Higgins v. Parsons

65 Cal. 280 | Cal. | 1884

Sharpstein, J.

The court found that in a verbal agreement made prior to the execution of the written instrument, which this action was brought to have reformed, “it was stipulated that the defendant should pay plaintiff interest on seven thousand dollars at the rate of one per cent per inonth,” and that the plaintiff believed, at the time of signing said instrument, that it contained that stipulation, and that defendant knew, at the time of signing said instrument, that it did not contain that stipulation, but did contain one that defendant should pay interest at the rate of one per cent per annum.

The complaint alleges a mistake in the particular above specified, and the answer denies it. That- was the sole issue in the case. But the court found that said written agreement differed from said verbal agreement in several other essential particulars. Neither party so alleged, and neither asked to have said written instrument reformed in any other than the particular above *281specified. We must therefore presume that both were satisfied with it in all respects other than that specified in the pleadings.

It is also found that the defendant would not have signed said instrument if it “had contained a stipulation to pay interest at the rate of one per cent per month on seven thousand dollars.” But he knew that he had agreed to pay that rate of interest, and knew that the plaintiff supposed when he signed said written instrument that it contained that agreement. Under such circumstances we think it quite immaterial what the defendant would or would not have done if the instrument had expressed the real agreement of the parties. If it omitted something which the defendant thought had been agreed to, he was at liberty to refuse to sign it. But be the fact as it may, it furnishes no ground for denying the relief prayed by plaintiff. It does not appear that defendant supposed or had any reason to suppose that the instrument as drawn was satisfactory to plaintiff. The defendant knew that the written instrument did not truly express the agreement of the parties, and knew that in the only respect in which it is sought to have it reformed, the plaintiff, at the time of signing it, supposed that it did truly express said agreement. This constituted “a mistake of one party, which the other at the time knew or suspected,” and the party aggrieved is entitled to have the instrument revised so as to express the real intention of the parties. The finding that plaintiff might have discovered the mistake, which he seeks to have rectified, is an immaterial one. The right to have an instrument revised, so as to have it truly express the intention of the parties, is not made to depend on the fact whether the party seeking to have it so revised might have discovered the mistake before signing such instrument. The language of the Code is: “When, through fraud or a mutual mistake, or a mistake of one party, which the other knew or suspected, a written contract does not truly express the intention of the parties, it may be revised on the application of a party aggrieved, so as to express the intention so far as it can be done without prejudice to rights acquired by third persons, in good faith and for value.” (Civ. Code, § 3399.) The conditions on which relief may be granted are clearly specified, and we are not at liberty to exact others.

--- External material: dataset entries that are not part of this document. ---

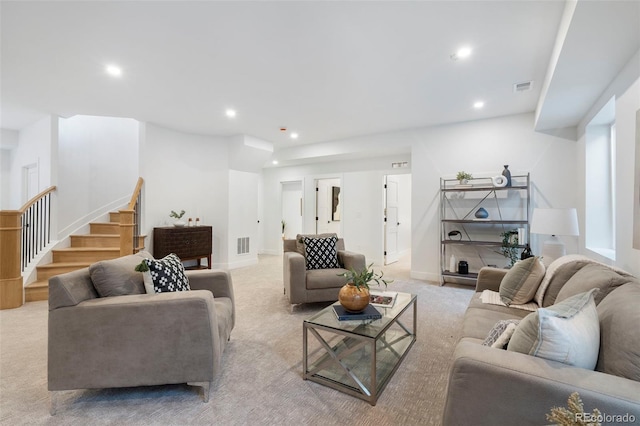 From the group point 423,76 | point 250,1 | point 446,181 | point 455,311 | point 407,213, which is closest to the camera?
point 250,1

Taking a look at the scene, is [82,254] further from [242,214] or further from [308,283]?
[308,283]

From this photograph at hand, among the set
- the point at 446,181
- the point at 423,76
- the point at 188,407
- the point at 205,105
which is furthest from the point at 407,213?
the point at 188,407

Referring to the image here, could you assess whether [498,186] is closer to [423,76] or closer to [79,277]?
[423,76]

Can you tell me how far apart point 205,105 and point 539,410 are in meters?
4.33

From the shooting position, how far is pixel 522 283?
88.9 inches

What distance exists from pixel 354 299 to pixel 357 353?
1.78 ft

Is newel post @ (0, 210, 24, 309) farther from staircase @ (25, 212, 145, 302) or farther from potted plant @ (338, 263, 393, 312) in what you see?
potted plant @ (338, 263, 393, 312)

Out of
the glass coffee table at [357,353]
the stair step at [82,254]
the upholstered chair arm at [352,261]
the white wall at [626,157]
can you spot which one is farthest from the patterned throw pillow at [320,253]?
the stair step at [82,254]

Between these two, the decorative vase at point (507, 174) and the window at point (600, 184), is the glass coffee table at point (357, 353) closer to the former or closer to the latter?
the window at point (600, 184)

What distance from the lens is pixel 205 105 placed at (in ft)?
13.0

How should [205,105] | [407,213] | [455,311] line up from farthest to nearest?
[407,213] < [205,105] < [455,311]

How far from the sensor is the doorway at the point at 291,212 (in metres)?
7.81

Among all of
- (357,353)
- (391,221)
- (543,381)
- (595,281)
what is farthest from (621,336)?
(391,221)

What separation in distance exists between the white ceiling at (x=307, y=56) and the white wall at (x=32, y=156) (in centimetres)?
34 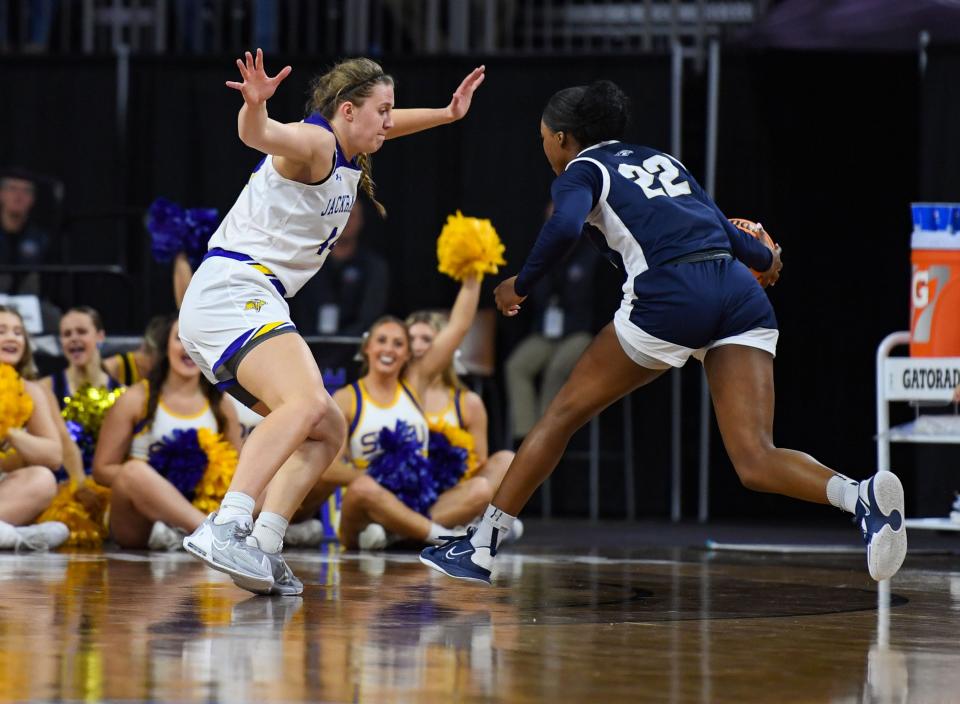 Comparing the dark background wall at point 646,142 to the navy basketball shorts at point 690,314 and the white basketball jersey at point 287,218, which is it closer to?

*282The finding “that the defendant never made the contract by which it is sought to bind him in this action,” is inconsistent with the finding, “that, in a verbal agreement, made prior to the execution of said written instrument, it was stipulated that defendant should pay plaintiff interest on seven thousand dollars, at the rate of one per cent per month.” It is not sought by this action to bind defendant to perform anything more than that. .

"We think the rulings of the court specified in the plaintiff’s assignments of error, from i. to vi. inclusive, were erroneous. According to the views hereinbefore expressed, the special issues, numbei’s 6, 7, and 8, submitted to the jury, were wholly irrelevant.

Judgment and order reversed.

Thornton J., and Myrick, J., concurred.